Emily Lakdawalla • Jan 20, 2012
Blast from the past: The Galileo Messenger
It's impossible to avoid a foreboding feeling when reading the early newsletters that came out of the Galileo project. Undoubtedly, Galileo transformed our understanding of Jupiter and especially its moons, revealing Europa and Ganymede to be worlds with liquid oceans worthy of exploration on their own. But it was befallen by one disaster after another, from even before its construction began, through its too-long-cruise, and into its Jupiter mission. Despite all that, Galileo lived longer than it had any right to before finally ending its existence in a fiery plunge into Jupiter's atmosphere on September 22, 2003.
From 1981 to 1997, the Galileo mission published an approximately quarterly newsletter called the Galileo Messenger. It eventually ran to 45 issues, until the end of the Prime Mission, by which time Internet access had become commonplace enough that it made sense to transition the news function to the Web. I have them all now in PDF format thanks to Patrick Wiggins, a NASA/JPL Solar System Ambassador in Utah, who saw my earlier posting of the Voyager Mission Status Bulletins and offered to scan his collection of miscellaneous JPL newsletters for me. As with the Voyager Bulletins, I'm posting the Galileo Messengers in batches when I have the opportunity to read through them. There were 45 issues, and 20 of them were published before Galileo ever got off the ground. That period is the subject of this post.
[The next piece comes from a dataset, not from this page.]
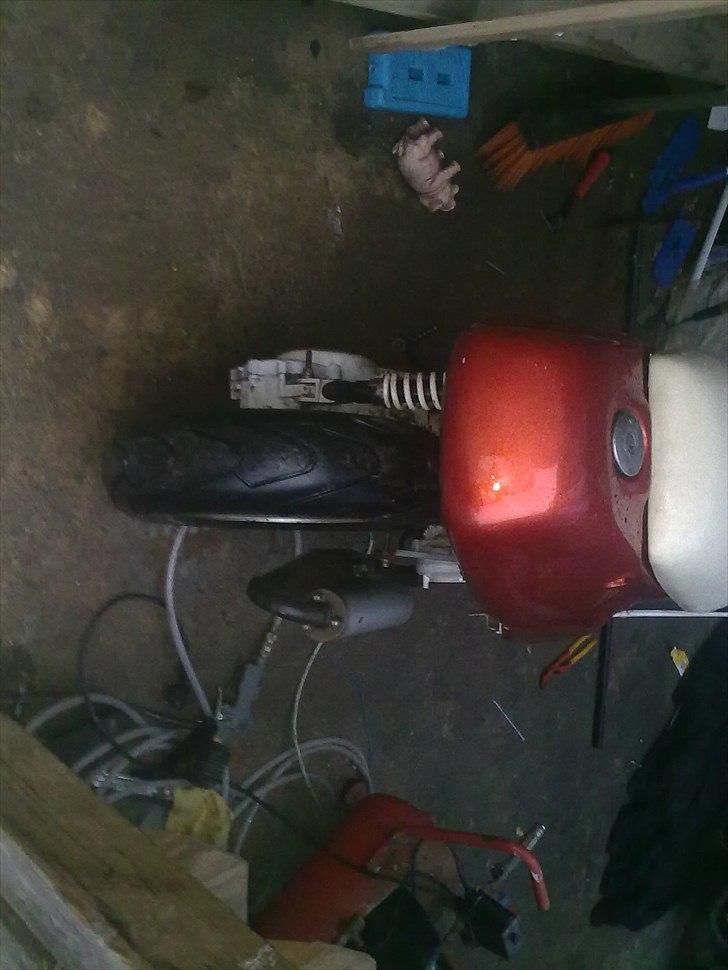 PGO Hot 50 billede 12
Clearly, the Galileo project had a tortured history even before the first Issue of the Messenger. The first newsletter opens with a message from Project Manager John Casani: "After a flurry of activity during the last three months the Galileo mission has again stabilized. It is important at this juncture that we avoid the tendency to listen to rumors, which will be rampant a few more months, and to concentrate on our specific tasks." It also describes the point of the newsletter:
The Galileo Messenger will be a combined project newspaper and status bulletin. Its purpose is to provide both a summary of the project activities and an informal set of feature articles highlighting specific aspects of the project. We hope that the Messenger will convey not just the facts associated with Galileo, but also something more subjective, an exciting look at the nature of the Galileo endeavor.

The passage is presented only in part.